The report pulls from research by the University of California Berkeley’s Labor Center to illustrate the disparities within the banking industry between executives and retail-level worker bees. According to the report, “salaries for bank tellers nationwide are so low that 31% of bank tellers and their family members are enrolled in some type of public assistance program.” In New York City, where the cost of living is far higher than the national average, 39 percent of full-time tellers need public programs to get by.
When workers who have to buy their own business attire worry about how they’re going to afford food (and they can’t put out tip jars), the minimum-wage issue resonates with a big chunk of voters. The National Journal’s Beth Reinhard notes a recent Gallup poll that found 76 percent of Americans, and 58 percent of Republican voters, support raising the federal minimum wage. (There are also strong majorities with this view in all major religious groups, including 78 percent among Catholics, according to a Public Religion Research Institute survey.) According to Reinhard, the Democratic Party—or, I would qualify, its “populist” wing—wants to own the issue:
Democrats increasingly view championing the pay of hourly workers as a can't-lose issue that revs up their base of liberal, black, and Hispanic voters. Perhaps more important, it also resonates with the white, blue-collar workers who overwhelmingly side with Republicans.
Since minority participation tapers off in midterm elections, assailing Republican opposition to hiking the minimum wage could be a more potent Democratic wedge than immigration reform, particularly in red states with competitive Senate campaigns, such as West Virginia, Kentucky, Arkansas, North Carolina, and Louisiana.

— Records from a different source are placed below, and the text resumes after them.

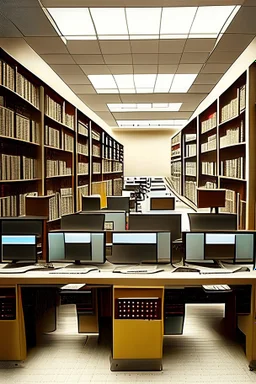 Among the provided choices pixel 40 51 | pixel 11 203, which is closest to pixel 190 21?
pixel 40 51

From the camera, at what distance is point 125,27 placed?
5969 mm

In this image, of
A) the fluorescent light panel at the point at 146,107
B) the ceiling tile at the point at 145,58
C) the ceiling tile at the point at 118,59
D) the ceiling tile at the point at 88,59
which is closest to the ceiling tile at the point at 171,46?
the ceiling tile at the point at 145,58

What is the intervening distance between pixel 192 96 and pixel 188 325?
7.86 m

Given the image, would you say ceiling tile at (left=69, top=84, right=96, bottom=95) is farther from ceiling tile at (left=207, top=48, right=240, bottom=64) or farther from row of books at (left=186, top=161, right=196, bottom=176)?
ceiling tile at (left=207, top=48, right=240, bottom=64)

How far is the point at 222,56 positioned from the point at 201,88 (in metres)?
2.83

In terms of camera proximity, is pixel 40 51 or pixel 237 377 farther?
pixel 40 51

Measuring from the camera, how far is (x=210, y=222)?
4.07 metres

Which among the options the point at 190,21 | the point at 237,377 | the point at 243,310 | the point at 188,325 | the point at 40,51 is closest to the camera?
the point at 237,377

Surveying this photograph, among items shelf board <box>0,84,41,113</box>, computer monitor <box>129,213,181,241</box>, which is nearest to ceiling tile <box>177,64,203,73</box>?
shelf board <box>0,84,41,113</box>

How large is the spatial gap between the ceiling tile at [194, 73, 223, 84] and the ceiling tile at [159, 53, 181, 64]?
1.16 m

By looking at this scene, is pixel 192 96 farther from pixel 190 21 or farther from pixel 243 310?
pixel 243 310

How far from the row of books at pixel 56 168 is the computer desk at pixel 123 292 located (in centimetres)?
290

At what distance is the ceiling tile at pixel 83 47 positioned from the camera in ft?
21.6

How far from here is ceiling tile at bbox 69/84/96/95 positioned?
384 inches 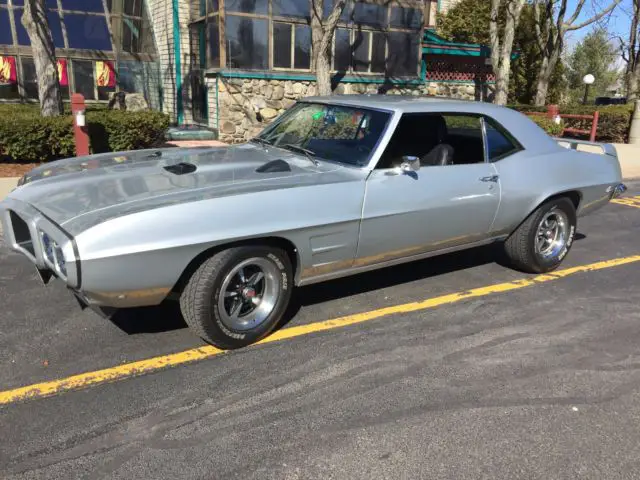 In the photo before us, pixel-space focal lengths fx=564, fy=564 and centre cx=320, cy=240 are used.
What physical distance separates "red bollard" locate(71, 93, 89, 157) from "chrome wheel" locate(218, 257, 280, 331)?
6169 millimetres

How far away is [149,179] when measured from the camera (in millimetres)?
3701

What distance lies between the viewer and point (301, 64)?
1464cm

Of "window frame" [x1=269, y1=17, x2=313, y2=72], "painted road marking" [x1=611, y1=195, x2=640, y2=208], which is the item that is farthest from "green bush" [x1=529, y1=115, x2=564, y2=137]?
"window frame" [x1=269, y1=17, x2=313, y2=72]

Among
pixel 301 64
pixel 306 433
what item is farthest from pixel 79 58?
pixel 306 433

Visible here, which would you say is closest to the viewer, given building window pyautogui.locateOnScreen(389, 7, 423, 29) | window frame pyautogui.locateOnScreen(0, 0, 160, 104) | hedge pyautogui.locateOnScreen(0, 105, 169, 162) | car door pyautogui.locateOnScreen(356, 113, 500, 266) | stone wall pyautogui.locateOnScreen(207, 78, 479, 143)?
car door pyautogui.locateOnScreen(356, 113, 500, 266)

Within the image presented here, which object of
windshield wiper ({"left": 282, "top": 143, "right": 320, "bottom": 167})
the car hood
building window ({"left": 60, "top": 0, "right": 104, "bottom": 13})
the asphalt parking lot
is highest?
building window ({"left": 60, "top": 0, "right": 104, "bottom": 13})

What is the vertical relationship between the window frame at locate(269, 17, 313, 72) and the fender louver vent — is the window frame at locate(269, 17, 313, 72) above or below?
above

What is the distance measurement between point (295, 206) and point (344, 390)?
1158mm

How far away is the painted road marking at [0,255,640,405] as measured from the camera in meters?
3.10

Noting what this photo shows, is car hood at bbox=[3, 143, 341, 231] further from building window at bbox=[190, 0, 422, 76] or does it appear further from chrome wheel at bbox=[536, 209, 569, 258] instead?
building window at bbox=[190, 0, 422, 76]

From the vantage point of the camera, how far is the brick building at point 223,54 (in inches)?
542

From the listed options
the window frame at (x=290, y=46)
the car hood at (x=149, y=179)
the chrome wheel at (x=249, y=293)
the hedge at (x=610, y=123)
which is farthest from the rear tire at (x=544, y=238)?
the hedge at (x=610, y=123)

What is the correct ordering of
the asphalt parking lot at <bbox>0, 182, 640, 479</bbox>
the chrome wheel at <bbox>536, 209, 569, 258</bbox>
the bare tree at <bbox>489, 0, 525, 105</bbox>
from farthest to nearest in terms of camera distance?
the bare tree at <bbox>489, 0, 525, 105</bbox>, the chrome wheel at <bbox>536, 209, 569, 258</bbox>, the asphalt parking lot at <bbox>0, 182, 640, 479</bbox>

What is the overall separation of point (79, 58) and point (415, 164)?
14.2 meters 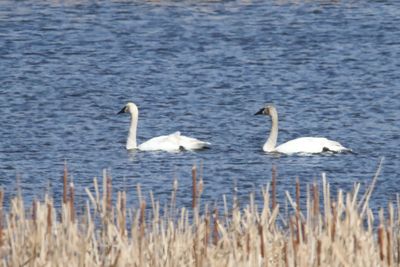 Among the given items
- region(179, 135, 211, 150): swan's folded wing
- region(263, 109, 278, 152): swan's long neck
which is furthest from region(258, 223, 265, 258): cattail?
region(263, 109, 278, 152): swan's long neck

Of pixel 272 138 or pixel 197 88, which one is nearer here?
pixel 272 138

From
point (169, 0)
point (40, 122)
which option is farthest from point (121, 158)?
point (169, 0)

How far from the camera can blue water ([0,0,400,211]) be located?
21.8 metres

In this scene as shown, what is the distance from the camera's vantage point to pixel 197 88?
2928cm

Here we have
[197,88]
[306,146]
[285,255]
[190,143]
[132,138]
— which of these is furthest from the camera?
[197,88]

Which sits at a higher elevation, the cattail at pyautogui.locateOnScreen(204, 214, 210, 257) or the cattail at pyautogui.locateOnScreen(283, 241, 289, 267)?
the cattail at pyautogui.locateOnScreen(204, 214, 210, 257)

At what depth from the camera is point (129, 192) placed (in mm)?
19875

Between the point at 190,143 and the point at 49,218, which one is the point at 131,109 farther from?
the point at 49,218

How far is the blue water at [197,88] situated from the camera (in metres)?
21.8

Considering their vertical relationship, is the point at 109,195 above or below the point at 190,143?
above

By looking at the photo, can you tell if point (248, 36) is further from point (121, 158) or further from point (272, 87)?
point (121, 158)

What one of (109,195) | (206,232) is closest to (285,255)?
(206,232)

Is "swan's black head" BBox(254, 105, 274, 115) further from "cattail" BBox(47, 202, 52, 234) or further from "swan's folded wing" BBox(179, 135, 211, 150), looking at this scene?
"cattail" BBox(47, 202, 52, 234)

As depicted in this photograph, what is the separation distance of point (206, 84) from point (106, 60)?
13.1 feet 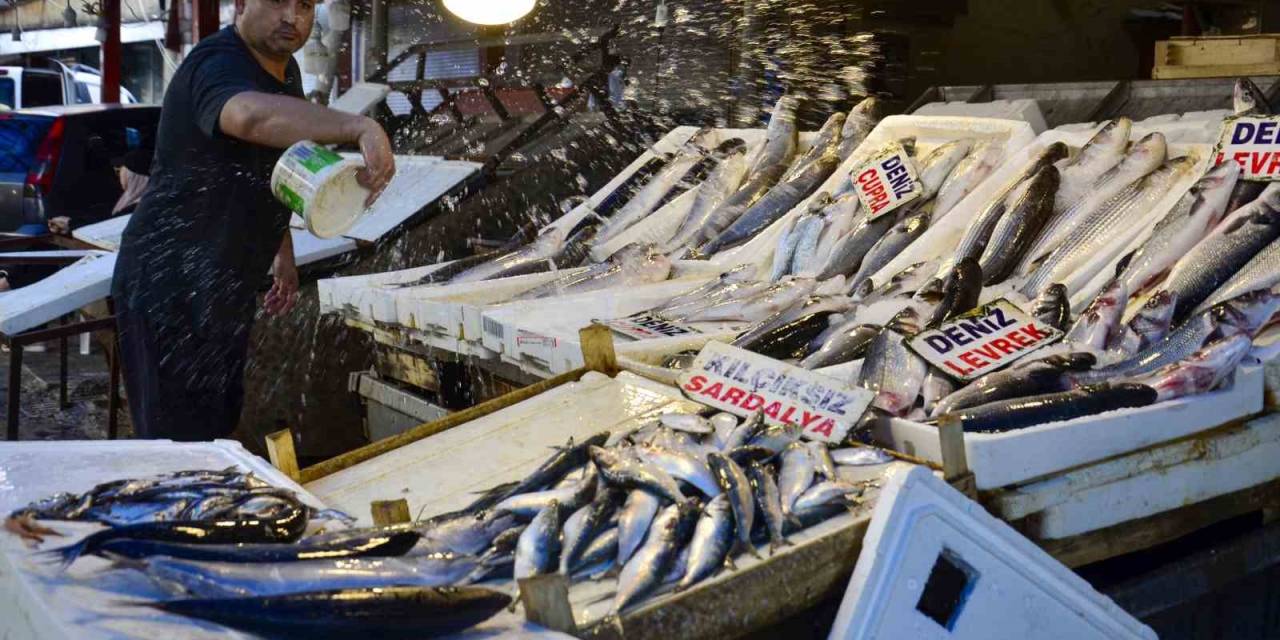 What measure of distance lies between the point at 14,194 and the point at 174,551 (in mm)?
10911

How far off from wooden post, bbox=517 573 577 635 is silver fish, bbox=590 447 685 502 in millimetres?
476

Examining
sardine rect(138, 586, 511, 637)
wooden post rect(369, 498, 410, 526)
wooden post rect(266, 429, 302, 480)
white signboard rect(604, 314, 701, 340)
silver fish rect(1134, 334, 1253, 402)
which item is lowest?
white signboard rect(604, 314, 701, 340)

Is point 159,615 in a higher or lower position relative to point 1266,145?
lower

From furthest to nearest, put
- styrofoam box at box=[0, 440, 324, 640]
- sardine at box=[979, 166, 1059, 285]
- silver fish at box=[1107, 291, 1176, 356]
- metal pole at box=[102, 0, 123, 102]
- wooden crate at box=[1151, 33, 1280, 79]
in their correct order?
metal pole at box=[102, 0, 123, 102]
wooden crate at box=[1151, 33, 1280, 79]
sardine at box=[979, 166, 1059, 285]
silver fish at box=[1107, 291, 1176, 356]
styrofoam box at box=[0, 440, 324, 640]

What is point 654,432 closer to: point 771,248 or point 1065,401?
point 1065,401

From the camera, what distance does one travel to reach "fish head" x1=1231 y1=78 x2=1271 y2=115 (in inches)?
171

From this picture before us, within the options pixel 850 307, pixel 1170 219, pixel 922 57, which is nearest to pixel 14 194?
pixel 922 57

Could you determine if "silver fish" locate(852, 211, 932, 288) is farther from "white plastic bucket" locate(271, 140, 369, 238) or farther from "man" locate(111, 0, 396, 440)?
"man" locate(111, 0, 396, 440)

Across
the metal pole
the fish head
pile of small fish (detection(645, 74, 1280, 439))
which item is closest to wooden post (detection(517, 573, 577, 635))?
pile of small fish (detection(645, 74, 1280, 439))

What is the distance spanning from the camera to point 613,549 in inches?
88.6

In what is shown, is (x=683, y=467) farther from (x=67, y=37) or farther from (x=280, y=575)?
(x=67, y=37)

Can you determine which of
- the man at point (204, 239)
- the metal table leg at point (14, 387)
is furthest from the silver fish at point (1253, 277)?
the metal table leg at point (14, 387)

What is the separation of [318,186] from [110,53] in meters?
17.8

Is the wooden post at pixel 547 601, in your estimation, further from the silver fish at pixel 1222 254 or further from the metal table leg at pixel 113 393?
the metal table leg at pixel 113 393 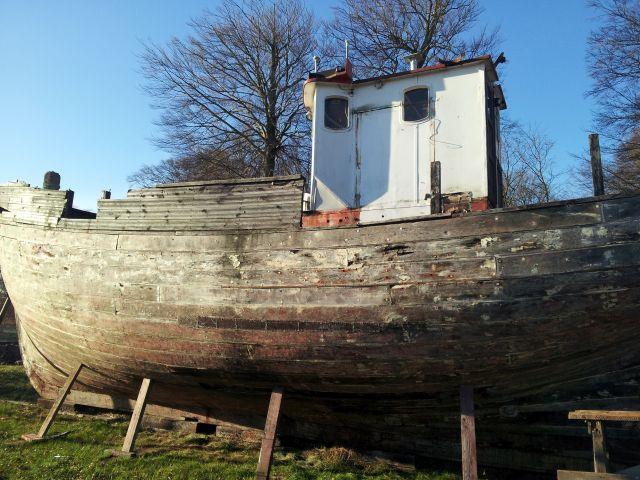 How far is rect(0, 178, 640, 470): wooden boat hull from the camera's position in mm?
4160

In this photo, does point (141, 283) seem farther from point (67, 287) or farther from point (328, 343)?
point (328, 343)

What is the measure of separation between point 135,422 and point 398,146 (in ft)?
16.1

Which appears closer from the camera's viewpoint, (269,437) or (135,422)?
(269,437)

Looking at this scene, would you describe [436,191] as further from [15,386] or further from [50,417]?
[15,386]

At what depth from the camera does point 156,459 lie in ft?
17.9

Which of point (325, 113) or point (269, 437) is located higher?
point (325, 113)

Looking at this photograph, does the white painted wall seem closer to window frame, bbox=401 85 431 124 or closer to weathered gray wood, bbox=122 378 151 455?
window frame, bbox=401 85 431 124

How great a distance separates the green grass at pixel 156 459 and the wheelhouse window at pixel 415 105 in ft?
14.7

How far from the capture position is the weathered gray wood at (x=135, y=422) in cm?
555

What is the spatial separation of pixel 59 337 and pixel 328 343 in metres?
4.41

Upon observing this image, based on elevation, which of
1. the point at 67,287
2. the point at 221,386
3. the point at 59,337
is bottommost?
the point at 221,386

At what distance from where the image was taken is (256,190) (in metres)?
5.45

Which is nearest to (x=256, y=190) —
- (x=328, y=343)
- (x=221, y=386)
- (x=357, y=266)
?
(x=357, y=266)

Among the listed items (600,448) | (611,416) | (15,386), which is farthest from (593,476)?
(15,386) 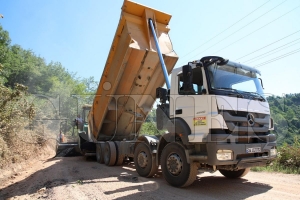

Sen. Tom Harkin of Iowa and Rep. George Miller of California, both Democrats, have introduced a proposal to raise the federal minimum wage from $7.25 to $10.10—higher than any current state minimum wage—and then index it to inflation. (It would be $25 if it had kept pace with inflation since 1968.) Poll numbers notwithstanding, this has little chance of passing the GOP-controlled House of Representatives or overcoming a Republican filibuster in the Senate. It is an article of faith for conservative pundits that an increase in the minimum wage will cause employers to simply eliminate jobs. George Will differs a bit in arguing that it’s silly to raise the federal minimum wage when only 3 percent of American workers earn it, but it’s still serves as a benchmark for the 19 states that distinguish themselves by mandating a slightly higher wage, as well as for many employers that attract workers by promising a bit more than the stigmatizing $7.25 an hour. (I doubt that many of the bank tellers who depend on social welfare programs get exactly the federal minimum.)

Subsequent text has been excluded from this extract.